To move back to the original primary cluster, repeat these steps.

Disaster Recovery Operations

This sections explains how to perform disaster recovery in a variety of situations.

Loss of Primary Cisco SD-WAN Manager Cluster

If your primary Cisco SD-WAN Manager cluster goes down, follow these steps for disaster recovery:

  1. From a Cisco SD-WAN Manager system on the secondary cluster, choose Administration > Disaster Recovery.

  2. Click Make Primary.

    Devices and controllers converge to the secondary cluster and that cluster assumes the role of the primary cluster.

    When the original primary cluster recovers and is back on line, it assumes the role of the secondary cluster and begins to receive data from the primary cluster.

Loss of Primary Data Center

If your primary data center cluster goes down, follow these steps for disaster recovery:

  1. From a Cisco SD-WAN Manager system on the secondary cluster, choose Administration > Disaster Recovery.

  2. Click Make Primary.

    The switchover process begins. During the process, only the Cisco SD-WAN Validators in the secondary data center are updated with a new valid Cisco SD-WAN Manager list. Devices and controllers that are on line converge to the secondary cluster and that cluster assumes the role of the primary cluster.

    After the original primary data center recovers and all VMs, including controllers, are back on line, the controllers are updated with a new valid Cisco SD-WAN Manager and converge to the new primary Cisco SD-WAN Manager cluster. The original primary cluster assumes the role of secondary cluster and begins to receive data from the primary cluster.

Partial Loss of Primary Cisco SD-WAN Manager Cluster

If you experience a partial loss of the primary Cisco SD-WAN Manager cluster, we recommend that you try to recover that cluster instead of switching over to the secondary cluster.

A cluster with N nodes is considered to be operational if (N/2)+1 nodes are operational.

A cluster with N nodes becomes read only if (N/2)+1 or more nodes are lost.
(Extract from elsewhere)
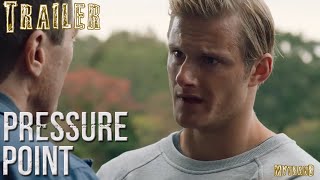 Pressure Point Trailer (2022) Charles Melton, Alexander Ludwig, Michael Shannon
Loss of Enterprise Network Between Data Centers

If a link failure occurs between your data centers but the WAN in the primary data center is operational, data replication fails. In this situation, attempt to recover the link so that data replication can resume.

To avoid a possible split brain scenario, do not perform a switchover operation.

Changing the Cisco SD-WAN Manager or Cisco Catalyst SD-WAN Validator Administrator Password

For releases earlier than Cisco SD-WAN Release 20.7.1, if you use Cisco SD-WAN Manager to change a user password that you entered during disaster recovery registration, first deregister disaster recovery from the Cisco SD-WAN Manager cluster, change the password, and then reregister disaster recovery on the cluster.

Changing the Disaster Recovery User Password for Disaster Recovery Components

During disaster recovery registration, you provide the user name and password of a Cisco SD-WAN Manager or a Cisco SD-WAN Validator user for the following disaster recovery components. You can provide the name and password of the same user for each of these components, or you can provide the names and passwords of different users for various components. The user names and passwords that you provide for a component identify the disaster recovery user who can access disaster recovery operations on the component.

  • Cisco SD-WAN Manager servers in the active (primary) and standby (secondary) clusters. These components use the password of a Cisco SD-WAN Manager user.

  • Each Cisco SD-WAN Validator. This component uses the password of a Cisco SD-WAN Validator user.

If you change the Cisco SD-WAN Manager or Cisco SD-WAN Validator password of a disaster recovery user, you must change the disaster recovery component password for this user to the new password.

To change a password for the disaster recovery user, follow these steps:

  1. From the Cisco SD-WAN Manager menu, choose Administration > Disaster Recovery.

  2. Click Pause Disaster Recovery, and then click OK in the Pause Disaster Recovery dialog box that is displayed.

    Data replication between the primary and secondary data centers stops and this option changes to Resume Disaster Recovery.

  3. Click Manage Password.

  4. In the Manage Password window, perform these actions:

    1. Click Active Cluster, and in the Password field that appears, enter the new active cluster password for the disaster recovery user.

    2. Click Standby Cluster, and in the Password field that appears, enter the same password that you entered in the Active Cluster field for the disaster recovery user.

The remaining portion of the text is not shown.